Il presidente della Republika Srpska, Milorad Dodik, il primo ministro slovacco Robert Fico e il presidente brasiliano Luiz Inácio Lula da Silva sono stati inseriti nel controverso elenco del sito ucraino “Mirotvorac” (Peacemaker), noto per la pubblicazione di dati personali di individui considerati “nemici dell’Ucraina”. Si tratta di una piattaforma che da anni diffonde informazioni altamente riservate, spesso collegate ai servizi di sicurezza ucraini.
Secondo il sito, Dodik è finito nella lista per aver “violato la sovranità e l’integrità territoriale dell’Ucraina”. Tuttavia, le motivazioni dietro queste inclusioni risultano opache e ampiamente criticate a livello internazionale, sia per la mancanza di trasparenza nei criteri utilizzati, sia per i rischi concreti legati alla pubblicazione pubblica di informazioni sensibili.
Željko Budimir, Ministro dello Sviluppo Scientifico e Tecnologico e dell’Istruzione Superiore della Republika Srpska, ha commentato l’accaduto evidenziando che “Kiev oggi sembra più infastidita da chi chiede la pace, un cessate il fuoco e il ritorno ai negoziati con Mosca”. Lo stesso Budimir ha sottolineato che figure come Dodik, Fico e il primo ministro ungherese Viktor Orbán si sono distinte per le loro posizioni a favore del dialogo, il che le avrebbe rese obiettivo di questa lista.
L’inserimento nel database del “Mirotvorac” non è privo di rischi: diversi nomi pubblicati in passato sono stati poi oggetto di minacce, violenze o persino omicidi. Tra i casi citati vi sono quello della giornalista Darija Dugina, assassinata nel 2022, e il tentato omicidio dello stesso premier Fico avvenuto mesi dopo la sua apparizione sulla lista.

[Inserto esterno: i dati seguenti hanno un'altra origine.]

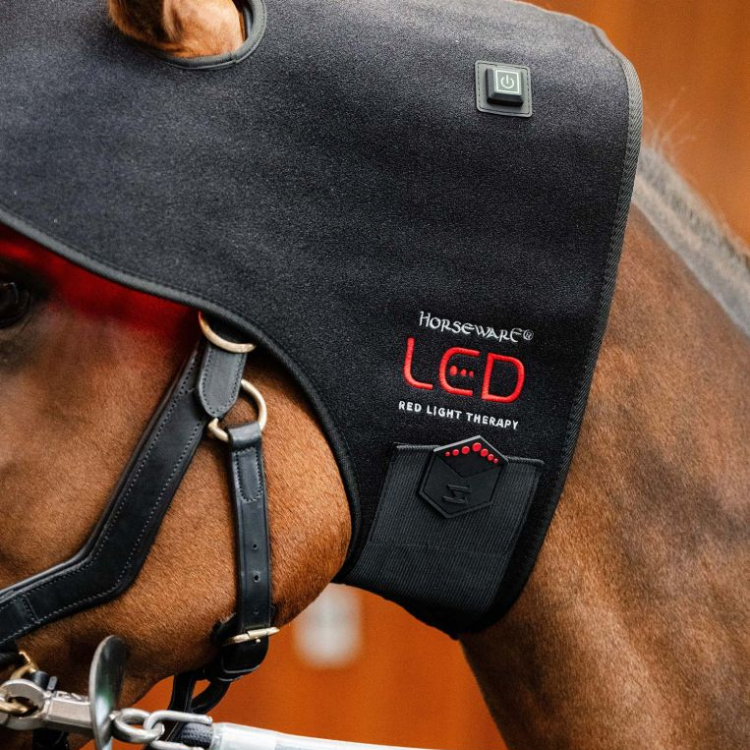 Bonnet De Thérapie Horseware Lumière Rouge LED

Dušan Petrović, direttore dell’Istituto per la Ricerca Socio-Politica della Republika Srpska, ha parlato apertamente di “lista nera”, affermando che essa equivale a una sorta di condanna pubblica. “Chi vi finisce, viene implicitamente indicato come un bersaglio da eliminare”, ha dichiarato.
Anche il presidente della Croazia, Zoran Milanović, è presente nell’elenco, con l’accusa di aver giustificato l’aggressione russa. La costante pubblicazione e aggiornamento di questa lista ha generato numerose proteste da parte delle Nazioni Unite, dell’Unione Europea e di organizzazioni per i diritti umani, ma finora non ha portato a nessuna misura concreta di rimozione del sito.